The most common reason business transformations go off track? People. Resistance to change is human nature. We're inclined to stay with what we know. Similarly, employees are resistant to new tools or processes that nudge them outside of their comfort zones. This can make it difficult to introduce beneficial changes to your operations, but with some preparation and a little strategy, surviving the change cycle as a team is doable.
Here are five tips to make your change successful.
1. Build momentum: There is a benefit to announcing change after it's already begun. That doesn't mean introducing new technologies or procedures without warning, but waiting until the initial steps have already been taken before making an official change announcement. Generally, employees are more inclined to adopt something “new” when they can see the benefits for themselves. Moreover, they're more likely to go with the flow if they see that momentum has already been built around the change.
2. Have a plan: Managing expectations is key to change management. When employees know why the change is happening and the steps their employers are taking to embed that change, they have more confidence and trust in the decision. It's the reason fundraisers use visuals to show their progress, or why tech firms will draft an "implementation roadmap" first to ease clients into a new system or tool. Consider drafting your own change roadmap to show employees where you're going and how you plan to get there.
3. Enlist early adopters: Not all employees are averse to change. In fact, you'll likely find a few who are willing and eager to embrace it.

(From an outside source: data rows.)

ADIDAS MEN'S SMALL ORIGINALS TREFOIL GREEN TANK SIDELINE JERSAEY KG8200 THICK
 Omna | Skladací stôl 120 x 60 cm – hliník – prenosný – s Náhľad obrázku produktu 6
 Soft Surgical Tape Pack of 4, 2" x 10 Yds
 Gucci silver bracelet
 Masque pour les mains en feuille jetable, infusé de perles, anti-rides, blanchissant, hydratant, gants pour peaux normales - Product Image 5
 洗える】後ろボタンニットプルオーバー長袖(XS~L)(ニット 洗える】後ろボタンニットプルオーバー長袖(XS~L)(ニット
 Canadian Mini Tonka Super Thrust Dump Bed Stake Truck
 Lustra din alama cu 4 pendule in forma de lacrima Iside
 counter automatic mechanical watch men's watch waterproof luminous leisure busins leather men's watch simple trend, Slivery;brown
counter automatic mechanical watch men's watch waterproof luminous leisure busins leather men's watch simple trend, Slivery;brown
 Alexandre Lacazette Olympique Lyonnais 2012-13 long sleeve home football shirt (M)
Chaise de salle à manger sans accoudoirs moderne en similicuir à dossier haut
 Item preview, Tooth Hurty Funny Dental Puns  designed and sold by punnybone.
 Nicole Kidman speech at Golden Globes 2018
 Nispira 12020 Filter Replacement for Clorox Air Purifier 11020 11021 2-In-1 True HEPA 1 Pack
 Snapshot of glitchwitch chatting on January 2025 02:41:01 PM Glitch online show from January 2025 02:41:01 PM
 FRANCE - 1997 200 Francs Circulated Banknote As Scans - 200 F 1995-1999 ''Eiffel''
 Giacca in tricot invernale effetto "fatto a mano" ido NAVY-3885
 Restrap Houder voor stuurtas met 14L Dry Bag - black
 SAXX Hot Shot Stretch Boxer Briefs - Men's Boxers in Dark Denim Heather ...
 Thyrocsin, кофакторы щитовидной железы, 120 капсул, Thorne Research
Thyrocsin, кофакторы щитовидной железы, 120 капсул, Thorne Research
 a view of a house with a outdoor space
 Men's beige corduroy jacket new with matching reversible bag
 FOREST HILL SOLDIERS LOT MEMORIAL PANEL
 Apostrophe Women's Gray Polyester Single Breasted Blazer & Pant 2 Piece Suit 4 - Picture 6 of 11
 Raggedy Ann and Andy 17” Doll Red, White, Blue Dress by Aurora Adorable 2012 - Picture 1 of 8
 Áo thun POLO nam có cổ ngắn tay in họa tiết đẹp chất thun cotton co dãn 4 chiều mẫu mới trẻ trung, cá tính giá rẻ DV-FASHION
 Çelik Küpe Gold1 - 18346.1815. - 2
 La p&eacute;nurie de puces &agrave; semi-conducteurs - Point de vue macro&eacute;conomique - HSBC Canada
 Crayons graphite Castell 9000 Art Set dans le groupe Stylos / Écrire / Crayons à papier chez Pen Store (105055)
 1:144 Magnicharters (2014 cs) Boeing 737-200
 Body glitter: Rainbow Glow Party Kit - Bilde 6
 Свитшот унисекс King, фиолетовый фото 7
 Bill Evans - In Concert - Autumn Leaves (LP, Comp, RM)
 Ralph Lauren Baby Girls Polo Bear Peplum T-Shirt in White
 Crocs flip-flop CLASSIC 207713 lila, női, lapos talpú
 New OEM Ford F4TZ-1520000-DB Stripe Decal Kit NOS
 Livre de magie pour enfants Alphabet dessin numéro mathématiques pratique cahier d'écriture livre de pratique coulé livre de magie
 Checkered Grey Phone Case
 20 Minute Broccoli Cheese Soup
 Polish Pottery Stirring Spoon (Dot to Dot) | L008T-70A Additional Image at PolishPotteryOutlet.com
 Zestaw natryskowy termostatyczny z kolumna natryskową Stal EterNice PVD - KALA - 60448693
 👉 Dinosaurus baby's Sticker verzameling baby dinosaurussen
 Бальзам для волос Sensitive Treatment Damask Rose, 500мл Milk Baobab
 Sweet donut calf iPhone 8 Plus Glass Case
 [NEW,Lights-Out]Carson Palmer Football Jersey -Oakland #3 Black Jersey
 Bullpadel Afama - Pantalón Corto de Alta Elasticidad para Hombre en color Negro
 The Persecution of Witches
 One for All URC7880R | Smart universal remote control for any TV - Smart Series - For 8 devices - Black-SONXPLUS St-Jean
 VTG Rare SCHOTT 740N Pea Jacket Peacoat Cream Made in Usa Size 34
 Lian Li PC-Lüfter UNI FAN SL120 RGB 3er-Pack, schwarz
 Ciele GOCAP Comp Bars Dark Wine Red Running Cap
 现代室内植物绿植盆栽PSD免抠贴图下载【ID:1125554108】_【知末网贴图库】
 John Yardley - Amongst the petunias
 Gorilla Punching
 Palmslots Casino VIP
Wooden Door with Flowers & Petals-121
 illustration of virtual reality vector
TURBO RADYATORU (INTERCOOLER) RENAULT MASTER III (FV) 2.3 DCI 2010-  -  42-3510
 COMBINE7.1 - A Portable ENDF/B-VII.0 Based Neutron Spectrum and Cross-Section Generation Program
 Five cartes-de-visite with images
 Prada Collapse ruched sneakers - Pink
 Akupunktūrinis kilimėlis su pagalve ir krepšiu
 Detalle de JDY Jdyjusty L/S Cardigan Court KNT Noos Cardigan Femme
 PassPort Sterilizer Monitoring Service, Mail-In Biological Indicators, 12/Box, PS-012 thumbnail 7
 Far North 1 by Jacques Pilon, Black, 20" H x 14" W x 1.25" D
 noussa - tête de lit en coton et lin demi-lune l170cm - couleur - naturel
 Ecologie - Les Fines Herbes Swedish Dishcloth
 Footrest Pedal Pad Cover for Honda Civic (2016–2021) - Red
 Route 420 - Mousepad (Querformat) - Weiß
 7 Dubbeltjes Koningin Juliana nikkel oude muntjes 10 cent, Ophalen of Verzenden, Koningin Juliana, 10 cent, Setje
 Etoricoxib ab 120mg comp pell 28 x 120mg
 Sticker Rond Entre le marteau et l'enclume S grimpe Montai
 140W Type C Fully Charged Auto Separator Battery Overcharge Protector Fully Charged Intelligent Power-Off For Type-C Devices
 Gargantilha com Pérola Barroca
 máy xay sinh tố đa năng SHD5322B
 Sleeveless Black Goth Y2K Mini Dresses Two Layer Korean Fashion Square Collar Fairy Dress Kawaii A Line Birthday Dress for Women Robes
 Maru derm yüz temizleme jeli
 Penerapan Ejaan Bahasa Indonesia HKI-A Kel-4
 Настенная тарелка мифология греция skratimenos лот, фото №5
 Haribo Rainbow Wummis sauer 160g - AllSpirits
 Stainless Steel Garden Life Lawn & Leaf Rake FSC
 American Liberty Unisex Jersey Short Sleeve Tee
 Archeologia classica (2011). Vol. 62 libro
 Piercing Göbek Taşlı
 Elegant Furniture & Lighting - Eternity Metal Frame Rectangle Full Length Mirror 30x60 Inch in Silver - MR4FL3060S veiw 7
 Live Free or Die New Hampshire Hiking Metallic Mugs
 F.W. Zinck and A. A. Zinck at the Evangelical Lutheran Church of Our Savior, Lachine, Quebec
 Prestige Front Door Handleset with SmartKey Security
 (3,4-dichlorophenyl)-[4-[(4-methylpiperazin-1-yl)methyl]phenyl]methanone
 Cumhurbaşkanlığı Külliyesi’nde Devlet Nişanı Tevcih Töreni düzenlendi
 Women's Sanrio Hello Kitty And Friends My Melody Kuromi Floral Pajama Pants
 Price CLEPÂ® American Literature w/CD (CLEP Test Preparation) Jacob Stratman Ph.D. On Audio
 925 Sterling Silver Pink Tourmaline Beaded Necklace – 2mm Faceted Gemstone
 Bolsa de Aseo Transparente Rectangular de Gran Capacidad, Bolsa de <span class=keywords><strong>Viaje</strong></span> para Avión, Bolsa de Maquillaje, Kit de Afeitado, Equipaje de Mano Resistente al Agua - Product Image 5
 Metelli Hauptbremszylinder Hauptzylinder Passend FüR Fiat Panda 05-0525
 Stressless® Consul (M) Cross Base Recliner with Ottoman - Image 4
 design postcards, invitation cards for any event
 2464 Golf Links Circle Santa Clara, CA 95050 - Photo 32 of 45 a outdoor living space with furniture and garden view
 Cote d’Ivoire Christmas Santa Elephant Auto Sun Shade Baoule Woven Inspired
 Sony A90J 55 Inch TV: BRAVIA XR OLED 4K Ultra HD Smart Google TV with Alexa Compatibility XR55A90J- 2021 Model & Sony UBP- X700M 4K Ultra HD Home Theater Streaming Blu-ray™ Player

Find influential individuals within your workforce who are comfortable jumping into something new and ask them to champion it among their peers. This will help insulate your plans against naysayers and build support at a ground level.
4. Focus on loss aversion: People are more willing to accept change if it means it will help them avoid loss. Therefore, it pays to position change initiatives as something that will prevent the loss of their time, productivity, or morale. For example, learning a new mobile technology might be a bit intimidating, but employees will be more willing to jump on board if they recognize that the technology will save them from extra work and hassle in the long run. By focusing your discussions on how a change will avoid potential losses, you'll be making a more persuasive argument for taking the risk.
5. Make it easy: With new technologies comes the need for new skills, and you can't expect employees to acquire these capabilities by themselves. Ensure your roadmap for change includes training. (This is important for everyone, but is especially crucial for the tech-averse, who may need a little more handholding.) Also, provide ongoing support so employees feel confident they have resources at the ready to support their transformation. Digitizing training materials (e.g., videos, documents, references, etc.) can make it simple for your team to access the resources they need to feel comfortable on their journey.
Change is an inevitability, but it doesn’t have to be painful. Taking the time to communicate the benefits, map the journey, and provide support can help businesses make it through to the other end with their entire team intact.